Graph: graph stores focus on storing entities and the relationships between them. These stores are very useful in navigating between entities and querying for relationships between them to any depth — something that is difficult to do with traditional relational or document databases.
As you start to map your application's features to data structures, consider the kinds of queries you will need to support for your UI or API. Some data structures will make your mapping logic easier into and out of your application to retrieve single entities, but they may not support the kinds of ad hoc queries you may need to support more complex data retrieval and reporting.
A final note on data modeling: Don't depend on things like database migrations and scaffolding generators to define your database structures. Data modeling will help you understand the data structures necessary to build your application. Use these tools to accelerate the implementation process, based on your database model.

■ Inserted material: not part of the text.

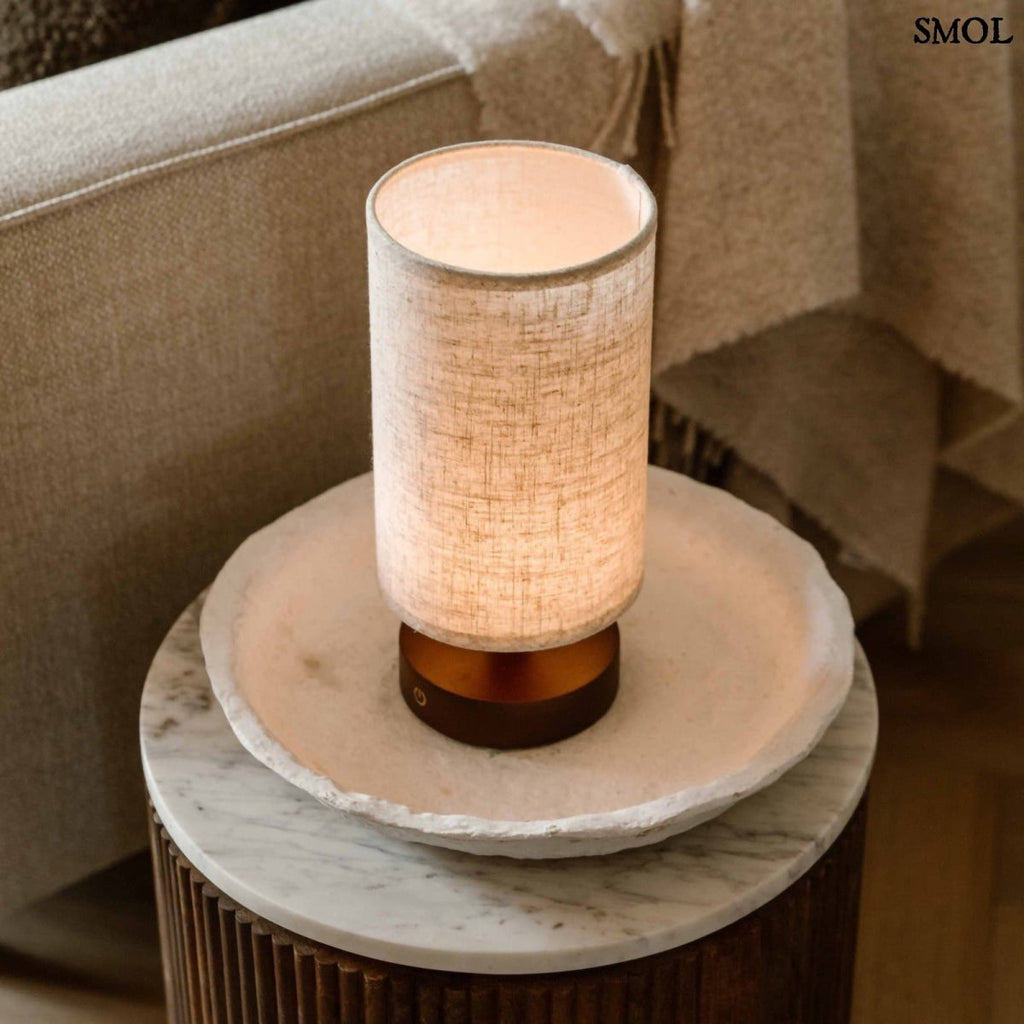 Sötétbarna Fa Asztali Lámpa USB - C Töltéssel | BEN - SMOL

Tip #3: You May Need More Than One Type of Database
During the modeling process, you may realize that you need to store your data in a specific data structure, where certain queries can't be optimized fully. This may be due to some complex search requirements, the need for robust reporting capabilities, caching, or the requirement for a data pipeline to accept and analyze incoming data. In these situations, more than one type of database may be required for your application.
When adopting more than one database, it's important to select one database that will own a specific set of data. This database becomes the canonical database for those entities or for a specific context. Any additional databases that work with this same data may have a copy, but they will not be considered an owner of this data.

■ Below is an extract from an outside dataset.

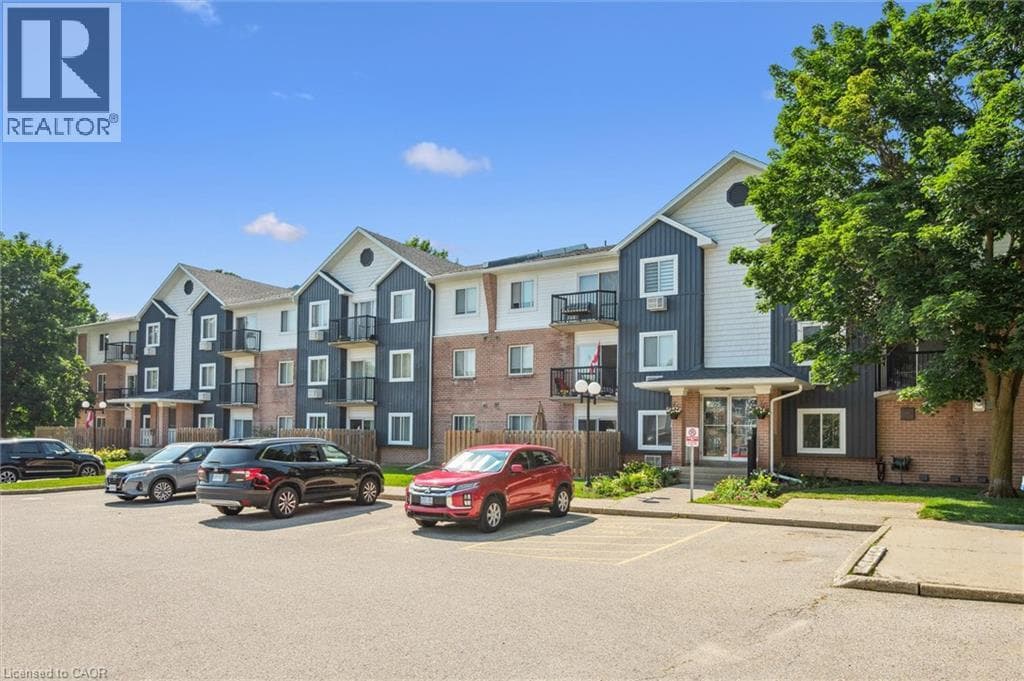 Apartment for sale at 275 EIWO Court Unit# 210, University Downs, Waterloo, Ontario, photo 3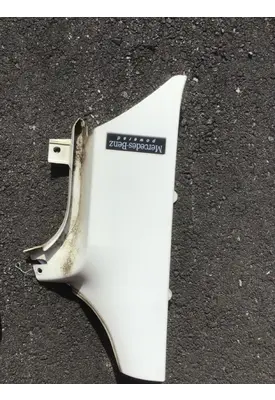 FREIGHTLINER M2 Cowl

For example, we may decide that a relational database is the best data structure for our application. However, we need to support a robust, faceted search within our application. In this case, we may choose PostgreSQL or MySQL for our canonical data store for all our entities. We then choose to use a document database such as Elasticsearch to index our entities by specific fields and facets. Elasticsearch may also store some basic details about our entities, such as name and description, so that our search results provide useful results. However, Elasticsearch does not own our entity data and we do not query it for the latest details. Instead, we consider the relational database the canonical source for the entity details and updates. We then keep Elasticsearch updated when data is changed in our relational database.
It's important to be thoughtful when adopting more than one database. Otherwise, your application may behave inconsistently and result in frustrated customers.
Putting it All Together
To summarize the process I use for selecting a database:
- Understand the data structure(s) you require, the amount of data you need to store/retrieve, and the speed/scaling requirements
- Model your data to determine if a relational, document, columnar, key/value, or graph database is most appropriate for your data.
- During the modeling process, consider things such as the ratio of reads-to-writes, along with the throughput you will require to satisfy reads and writes.
- Consider the use of multiple databases to manage data under different contexts/usage patterns.
- Always use a master database to store and retrieve canonical data, with one or more additional databases to support additional features such as searching, data pipeline processing, and caching.